- _Your objective_: Set the records down again in full, exactly as they are, apart from the images.

- _Data for the task_:
┄┄┄┄┄┄┄┄┄┄

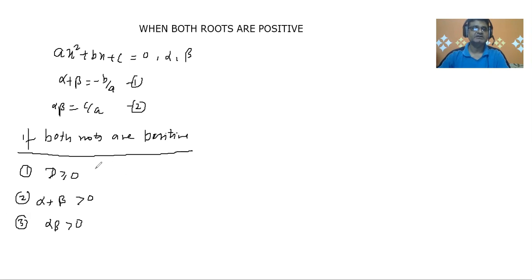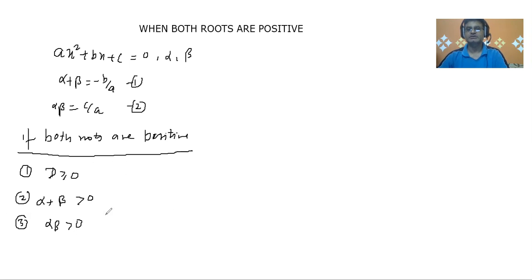So the discriminant has to be greater than or equal to 0, the sum of the roots should be greater than 0, and the product of the roots should be greater than 0. Now we are going to solve one question so that your concepts are clear.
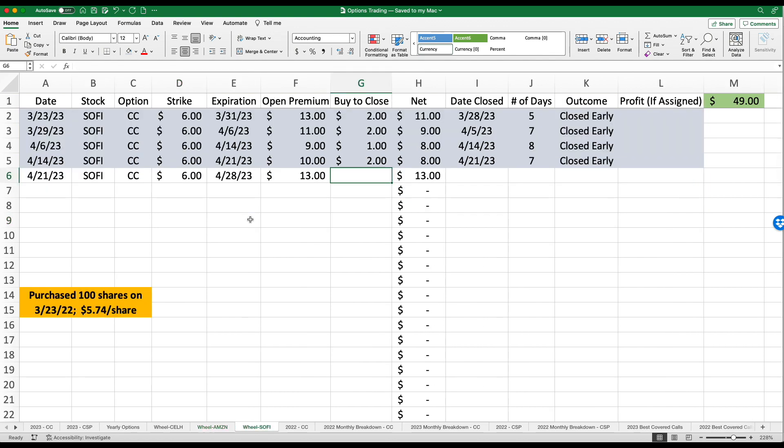Let's go ahead and get into SoFi. I love SoFi. It's been so easy, almost too easy. As you guys know, I purchased 100 shares back in March, $5.74 per share. Every week since, I have chosen a strike price of $6, which means I would have an immediate $26 in capital appreciation, not to mention all the premiums that I'm receiving every week.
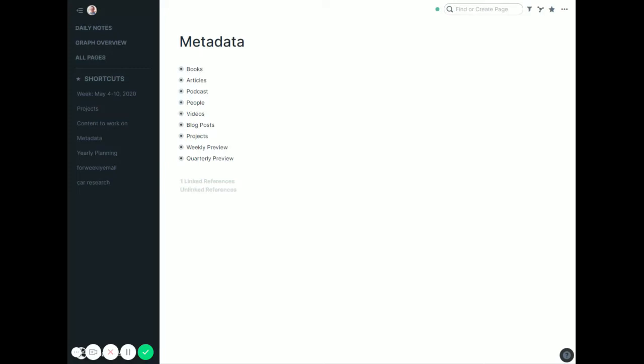Alright, so here's a quick look at how I handle my weekly and quarterly planning in Roam Research. I have this metadata page I've shown before, and I'll have a link to this in the description of the video so you can copy whatever you want out of this.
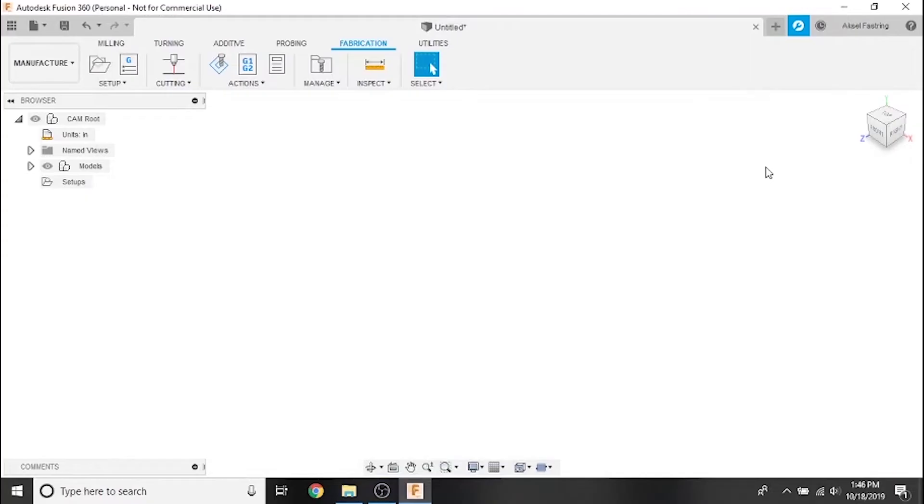Hi everyone and welcome to another Langmuir Systems Fusion 360 tutorial video. In the last video we took our first look at the Fusion 360 CAM workspace. In this video we'll cover adding your plasma cutter as a tool to Fusion 360's CAM tool library.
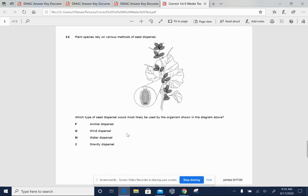F. Animal dispersal. G. Wind dispersal. H. Water dispersal. J. Gravity dispersal.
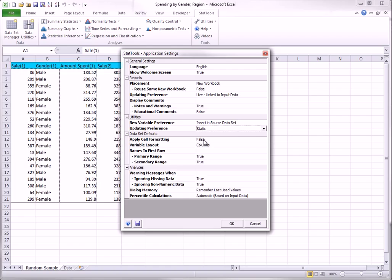This means, for example, that if you create dummies for a region and you then change a region from, say, west to south, the corresponding dummies will not change. If you want the dummies to update automatically, you should change the setting to live.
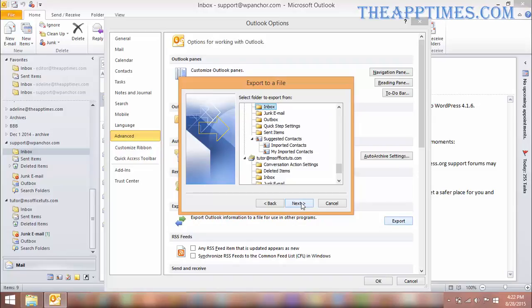In the Select folder to export from list box, select the contacts folder you want to export from and click Next.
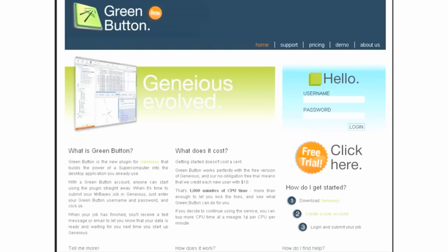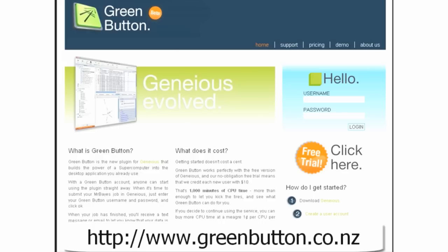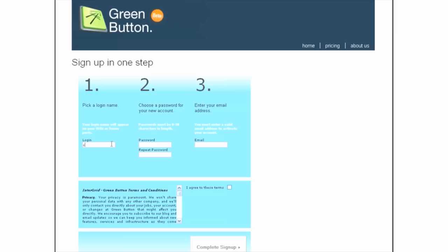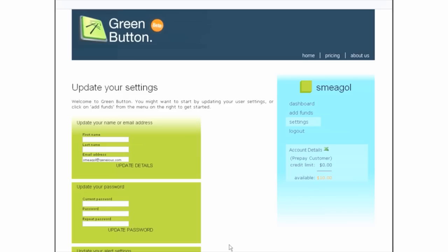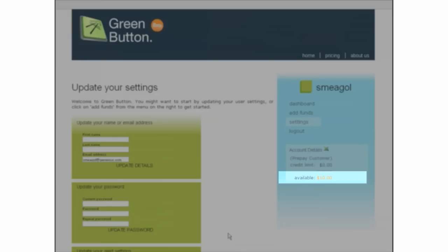To get started with the Green Button, you first need to create an account on the Green Button website. To do this, go to greenbutton.co.nz and click the Free Trial button. Enter your details, click Complete Signup, and you will even receive $10 credit free for a limited time. That's enough to get you 16 CPUs for over an hour.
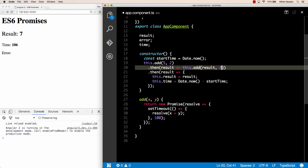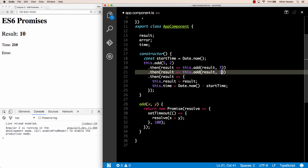We are chaining the promise calls one after the other — basically saying: add 5 and 2, then when you get the result add 3 to that, then when you get the final result assign it to the this.result property. Saving the file, the page shows a result of 10 in just over 200 milliseconds. Adding a third call is very easy — we just need another then step where we add 1, and now we get 11 in 300-something milliseconds. Our code is already nicer than with callbacks.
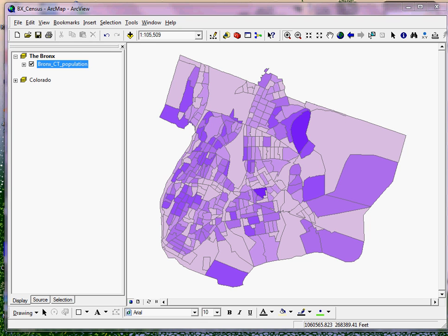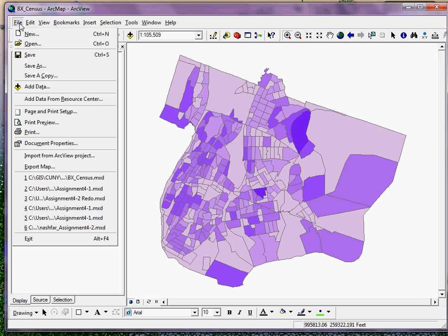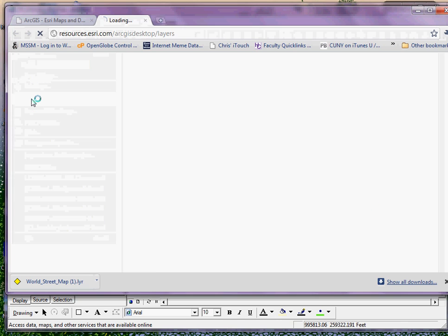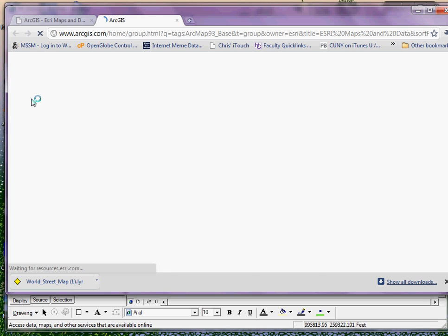Starting with a map — I'm starting with just Bronx census tract population data here — I can go in version 9.3 to my file menu. Depending on the version of the software that you're using, your options are going to look slightly different. I can scroll down to 'Add Data from the Resource Center.'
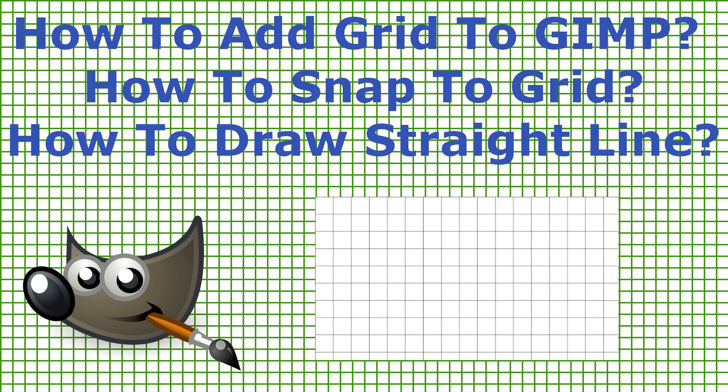Hello, today I will show you how to add a grid in GIMP. I'm going to show you two ways how to make it.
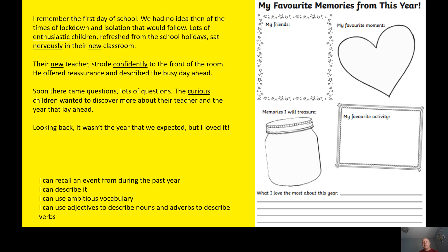So I am recalling an event which is the start of year three. I have tried to use adjectives and adverbs to paint a picture for the reader, and as you can see I have underlined some examples of both of those.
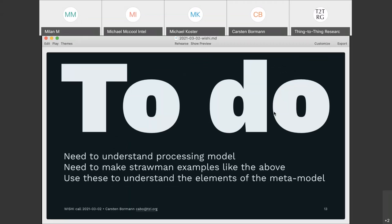Wrapping up: there are a few things that need to be done. One is understanding the processing model better. Another is building more strawman examples like the above, and using those examples to understand the elements of the meta- and meta-meta-models. That's the program for the rest of the hackathon.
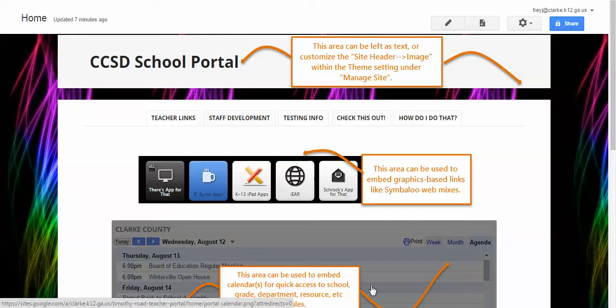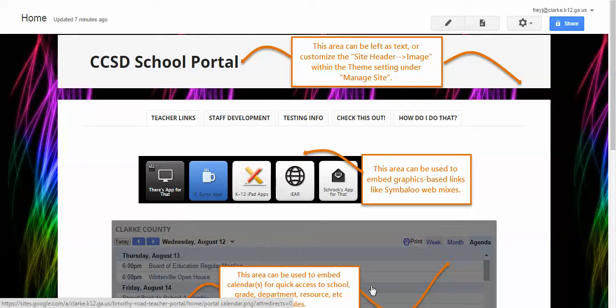Hey everybody, this is Joel Frey and I couldn't find a good tutorial for how to work with HTML within a Google site, so I'm going to make this quick video.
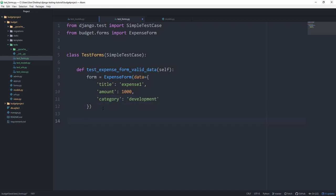In our case this is a valid form of course, so self.assertTrue form.is_valid. The assertTrue is just another assertion that you can use.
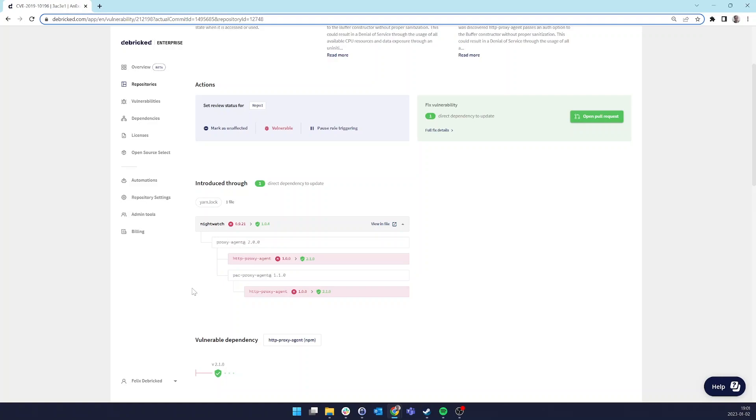That means that in all likelihood, if we try updating HTTP proxy agent to version 2.1.0, the dependency tree will fail, as upstream dependencies pack proxy agent, at proxy agent, and Nightwatch will likely not be able to handle the large version jump.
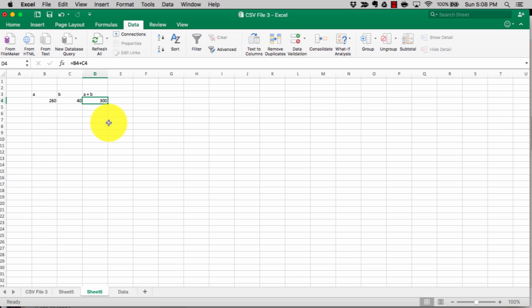Goal Seek lets you set your goal and have the algorithm reverse engineer what the input value should be. On the Uber Analytics test you might need to set up a formula about drivers' total profit and figure out the number of hours they need to put in to reach a certain profit number. The question might ask for a break-even point — that's when you use Goal Seek.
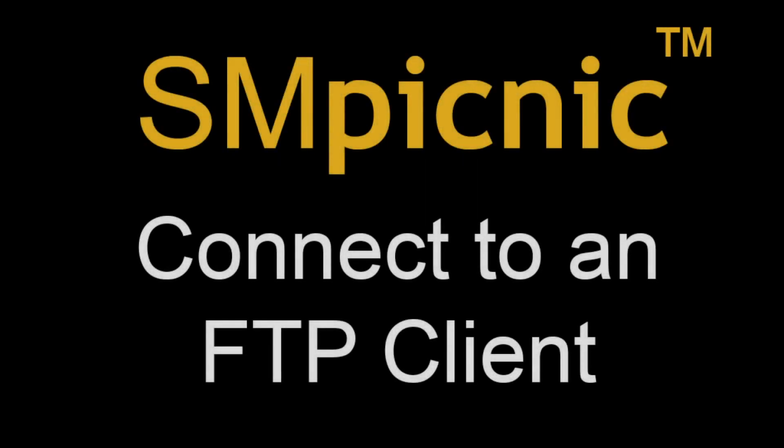Hey everyone, Matt here. Today I'm going to be teaching you how to connect your SM Picnic server to an FTP client.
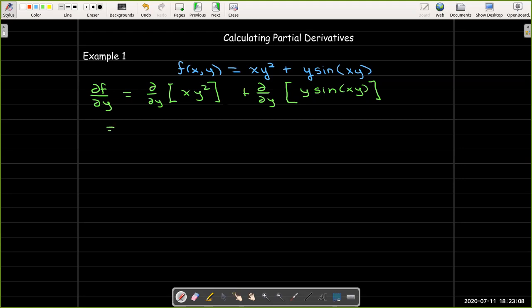For the first term, x is just a multiplicative constant, so the partial derivative is just 2xy. For the second term, I have a product, so I need to use the product rule.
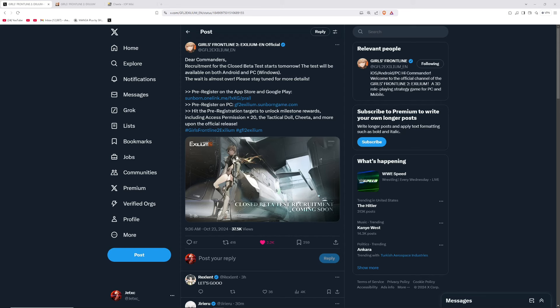Yo, what's going on guys? JetXC. So real quick, Girls Frontline 2 is a game that I've been waiting for for a little while.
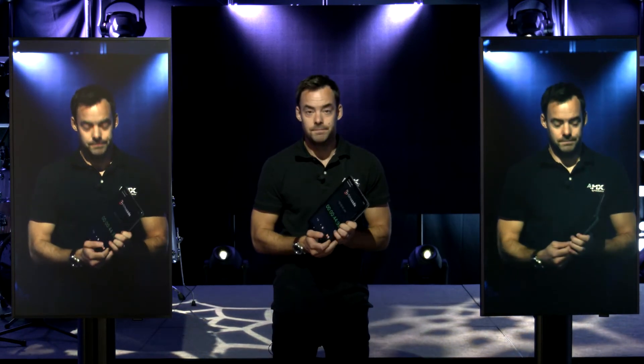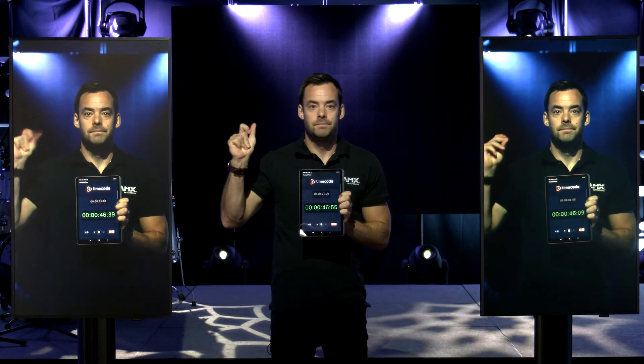We've changed the setup again here and added a greater degree of latency. You can probably see a big difference this time — I almost caught myself looking at myself. So at 50 milliseconds, using a mouse or a touchscreen becomes unusable, but it still has plenty of applications for streaming and digital signage.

┄┄┄┄┄┄┄┄┄┄

- _Answer section_:
So the discriminant has to be greater than or equal to 0, the sum of the roots should be greater than 0, and the product of the roots should be greater than 0. Now we are going to solve one question so that your concepts are clear.
Let's go ahead and get into SoFi. I love SoFi. It's been so easy, almost too easy. As you guys know, I purchased 100 shares back in March, $5.74 per share. Every week since, I have chosen a strike price of $6, which means I would have an immediate $26 in capital appreciation, not to mention all the premiums that I'm receiving every week.
Alright, so here's a quick look at how I handle my weekly and quarterly planning in Roam Research. I have this metadata page I've shown before, and I'll have a link to this in the description of the video so you can copy whatever you want out of this.
Hi everyone and welcome to another Langmuir Systems Fusion 360 tutorial video. In the last video we took our first look at the Fusion 360 CAM workspace. In this video we'll cover adding your plasma cutter as a tool to Fusion 360's CAM tool library.
F. Animal dispersal. G. Wind dispersal. H. Water dispersal. J. Gravity dispersal.
This means, for example, that if you create dummies for a region and you then change a region from, say, west to south, the corresponding dummies will not change. If you want the dummies to update automatically, you should change the setting to live.
In the Select folder to export from list box, select the contacts folder you want to export from and click Next.
To get started with the Green Button, you first need to create an account on the Green Button website. To do this, go to greenbutton.co.nz and click the Free Trial button. Enter your details, click Complete Signup, and you will even receive $10 credit free for a limited time. That's enough to get you 16 CPUs for over an hour.
We are chaining the promise calls one after the other — basically saying: add 5 and 2, then when you get the result add 3 to that, then when you get the final result assign it to the this.result property. Saving the file, the page shows a result of 10 in just over 200 milliseconds. Adding a third call is very easy — we just need another then step where we add 1, and now we get 11 in 300-something milliseconds. Our code is already nicer than with callbacks.
Starting with a map — I'm starting with just Bronx census tract population data here — I can go in version 9.3 to my file menu. Depending on the version of the software that you're using, your options are going to look slightly different. I can scroll down to 'Add Data from the Resource Center.'
Hello, today I will show you how to add a grid in GIMP. I'm going to show you two ways how to make it.
So I am recalling an event which is the start of year three. I have tried to use adjectives and adverbs to paint a picture for the reader, and as you can see I have underlined some examples of both of those.
Wrapping up: there are a few things that need to be done. One is understanding the processing model better. Another is building more strawman examples like the above, and using those examples to understand the elements of the meta- and meta-meta-models. That's the program for the rest of the hackathon.
Hey everybody, this is Joel Frey and I couldn't find a good tutorial for how to work with HTML within a Google site, so I'm going to make this quick video.
In our case this is a valid form of course, so self.assertTrue form.is_valid. The assertTrue is just another assertion that you can use.
That means that in all likelihood, if we try updating HTTP proxy agent to version 2.1.0, the dependency tree will fail, as upstream dependencies pack proxy agent, at proxy agent, and Nightwatch will likely not be able to handle the large version jump.
Goal Seek lets you set your goal and have the algorithm reverse engineer what the input value should be. On the Uber Analytics test you might need to set up a formula about drivers' total profit and figure out the number of hours they need to put in to reach a certain profit number. The question might ask for a break-even point — that's when you use Goal Seek.
Hey everyone, Matt here. Today I'm going to be teaching you how to connect your SM Picnic server to an FTP client.
For the first term, x is just a multiplicative constant, so the partial derivative is just 2xy. For the second term, I have a product, so I need to use the product rule.
Yo, what's going on guys? JetXC. So real quick, Girls Frontline 2 is a game that I've been waiting for for a little while.
We've changed the setup again here and added a greater degree of latency. You can probably see a big difference this time — I almost caught myself looking at myself. So at 50 milliseconds, using a mouse or a touchscreen becomes unusable, but it still has plenty of applications for streaming and digital signage.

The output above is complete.